In this audio selection from his oral history, Captain Jones serves up a vivid, you-are-there account of the Marines’ push through South Korea after the historic Inchon Landing in 1950, as one of three chaplains assigned to the large-scale invasion force.
Captain Jones: When we went to Kobe to transship and combat load some of the ships, this typhoon hit us. We were torn away from the pier. Several other ships were adrift in the harbor. It was a very nasty thing. We didn't have steam up. It took a while to do that. Fortunately, there was no really serious collision though there could have been. But these transport skippers were very good, very capable, stayed out of each others’ way until they got steam up and fought the thing out.
We went then from Kobe through bad seas to the Inchon landing and ran into all the things they'd predicted. It was an easy landing, not many casualties. They had to blow up the sea wall to bring in reinforcements and supplies and I lost the one important thing any chaplain has — my communion kit. They blew up the sea wall too soon. Huge chunks of concrete, ranging from the size of that TV set to the size of this room, started to come down. We lost some people, and one of those things landed on my communion set. So in the very first half-hour on the beach, there I was. We went through the city without much opposition. We stopped outside. It had been raining and by this time there was a heavy storm. Our regiment was deployed on either side of the main road to Seoul, The Fifth Marines were on our left.

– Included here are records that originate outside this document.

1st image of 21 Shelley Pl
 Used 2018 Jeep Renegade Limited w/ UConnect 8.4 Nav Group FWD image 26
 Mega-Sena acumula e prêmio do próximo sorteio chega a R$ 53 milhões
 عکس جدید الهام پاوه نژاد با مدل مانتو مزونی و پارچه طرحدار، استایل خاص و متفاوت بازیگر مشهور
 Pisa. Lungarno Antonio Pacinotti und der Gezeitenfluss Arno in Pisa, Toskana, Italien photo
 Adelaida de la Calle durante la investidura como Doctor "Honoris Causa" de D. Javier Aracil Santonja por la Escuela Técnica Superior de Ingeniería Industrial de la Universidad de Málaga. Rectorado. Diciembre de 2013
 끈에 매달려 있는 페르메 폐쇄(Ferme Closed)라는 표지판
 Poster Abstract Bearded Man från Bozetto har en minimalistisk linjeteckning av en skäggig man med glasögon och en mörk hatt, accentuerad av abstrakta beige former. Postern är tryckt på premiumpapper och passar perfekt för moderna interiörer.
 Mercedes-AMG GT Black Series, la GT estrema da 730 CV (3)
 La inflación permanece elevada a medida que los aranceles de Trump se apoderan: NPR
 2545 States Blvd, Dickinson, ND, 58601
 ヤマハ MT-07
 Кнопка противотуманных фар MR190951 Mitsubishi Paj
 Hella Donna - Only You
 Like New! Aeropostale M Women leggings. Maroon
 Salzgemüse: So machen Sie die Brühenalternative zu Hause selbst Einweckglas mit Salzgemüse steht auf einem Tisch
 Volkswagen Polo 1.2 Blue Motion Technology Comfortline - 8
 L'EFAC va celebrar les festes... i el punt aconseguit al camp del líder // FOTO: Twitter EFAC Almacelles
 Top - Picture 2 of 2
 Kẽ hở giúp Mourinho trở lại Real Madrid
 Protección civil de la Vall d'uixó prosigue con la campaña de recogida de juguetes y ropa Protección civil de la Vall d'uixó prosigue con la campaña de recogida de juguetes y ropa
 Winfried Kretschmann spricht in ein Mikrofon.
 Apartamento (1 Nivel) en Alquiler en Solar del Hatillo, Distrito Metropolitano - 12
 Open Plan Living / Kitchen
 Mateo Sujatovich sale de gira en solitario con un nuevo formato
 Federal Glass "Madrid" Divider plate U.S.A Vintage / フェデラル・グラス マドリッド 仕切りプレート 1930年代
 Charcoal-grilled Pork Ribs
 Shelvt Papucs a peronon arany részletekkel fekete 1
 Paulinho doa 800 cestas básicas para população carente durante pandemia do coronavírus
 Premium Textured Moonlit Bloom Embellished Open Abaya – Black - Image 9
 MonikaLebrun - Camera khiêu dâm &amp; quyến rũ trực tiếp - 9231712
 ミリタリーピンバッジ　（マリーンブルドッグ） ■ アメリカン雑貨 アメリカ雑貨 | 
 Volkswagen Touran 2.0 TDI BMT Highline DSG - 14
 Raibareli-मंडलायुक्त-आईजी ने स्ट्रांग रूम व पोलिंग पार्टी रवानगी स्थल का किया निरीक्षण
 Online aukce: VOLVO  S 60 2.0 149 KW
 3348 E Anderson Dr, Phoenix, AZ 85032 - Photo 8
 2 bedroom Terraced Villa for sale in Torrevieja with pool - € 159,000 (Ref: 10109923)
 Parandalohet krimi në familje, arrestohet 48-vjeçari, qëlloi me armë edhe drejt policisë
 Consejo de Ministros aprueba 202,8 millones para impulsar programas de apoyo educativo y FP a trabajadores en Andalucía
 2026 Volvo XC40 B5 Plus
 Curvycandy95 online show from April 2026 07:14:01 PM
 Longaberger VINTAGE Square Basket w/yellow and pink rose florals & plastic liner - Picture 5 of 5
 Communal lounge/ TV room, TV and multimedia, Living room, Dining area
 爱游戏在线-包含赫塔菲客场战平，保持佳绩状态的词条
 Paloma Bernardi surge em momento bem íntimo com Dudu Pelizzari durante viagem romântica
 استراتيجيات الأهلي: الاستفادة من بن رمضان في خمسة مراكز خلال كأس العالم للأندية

We had three chaplains in our regiment, great guys. There was a boy by the name of Jim Lewis with the Third Battalion, who is now no longer in the Navy. A Catholic chaplain, Kevin Keaney, was with the Second Battalion, and I was with the First Battalion. The First Battalion was on the line that night, sitting in the ditch of the road, and the ditch was maybe eight or nine feet below the road. We decided to just sit there and sleep. We had our ponchos on.
The night passed, and the run continued heavy. The water coming down the ditch started to rise and by the time we got in the morning water was running over our knees. We were too pooped to move. Also we didn't want to move for fear some untrained Marine some place would unload at us. So we were cold and miserable in the morning. But the operation from there on, I think, was quite routine. Outside of Yong Dong Po we had to assault two hills and I banged a knee in the process. We had to assault these hills directly. We lay down heavy mortar fire. When I saw the assault start up one of the hills, I left the one I was on and ran down to get behind the assault to find casualties. I fell and got up limping badly. Later I got a corpsman who tied my knee up. We lost several killed attacking Hill 85 and I wandered around trying to help these people.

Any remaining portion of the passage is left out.